It is a process of discovery. It's being quiet enough and undisturbed enough for a period of time so that the songs can begin to sort of peek out, and you begin to have emotional experiences in a musical way.
I think that we're all totally isolated beings and always will be.
I'm very unstable; there's no stability in a musician's life at all. You live on a bus or on the road hand to mouth and you don't know where your money's coming from.
If the gig's going really well, I'm incredibly happy on stage and really feel good about my life and things.
If you feel like singing along, don't.
If you're an addict, it controls your life and your life becomes uncontrollable. It's boring and painful, filling your system with something that makes you stare at your shoes for six hours.
I don't take compliments very easily. I think most musicians suffer from low self-esteem to some extent.
It is the most delightful thing that ever happens to me, when I hear something coming out of my guitar and out of my mouth that wasn't there before.
It's hard to find a way forward. When you're 18 it happens in huge chunks every day, but after 20 years, growth is much more costly.

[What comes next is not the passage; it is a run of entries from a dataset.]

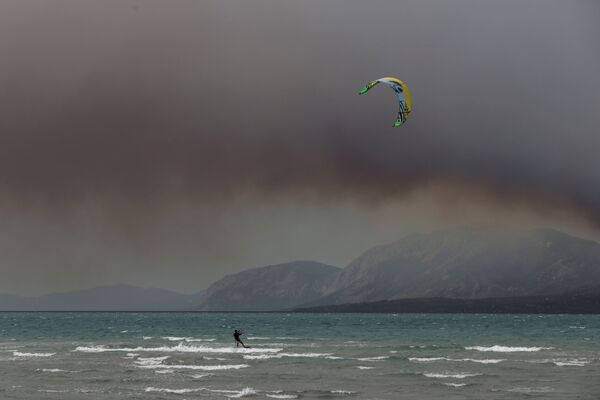 Un bărbat face kitesurfs în apropiere de țărmurile orașului Chalkida în timp ce fumul de la incendiul din insula Evia, Grecia, acoperă cerul. - Sputnik Moldova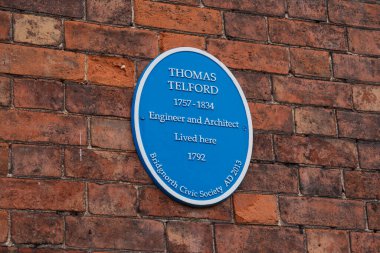 Bridgnorth, UK  April 12th 2024: Blue plaque outside of the house where the Engineer and architect,  Thomas Telford lived. clipart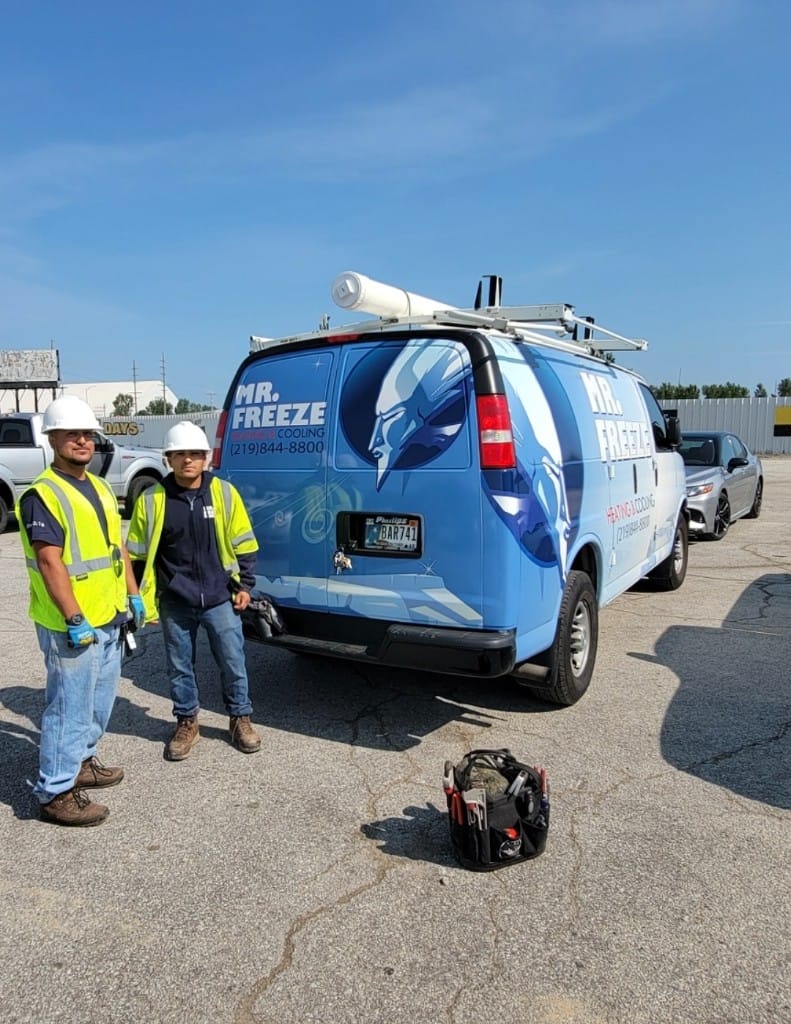 Two Mr. Freeze technicians in high-visibility vests standing beside their branded service van in Northwest Indiana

If you think my music is sentimental and self-absorbed, I agree with you.
It's probably foolish to expect relationships to go on forever and to say that because something only lasts 10 years, it's a failure.
I am myself for a living. I don't animate a character.
I think people are isolated because of the nature of human consciousness, and they like it when they feel the connection between themselves and someone else.
I don't read music. I don't write it. So I wander around on the guitar until something starts to present itself.
I don't know much about God. But if everything does originate with God, then certainly songs do as well.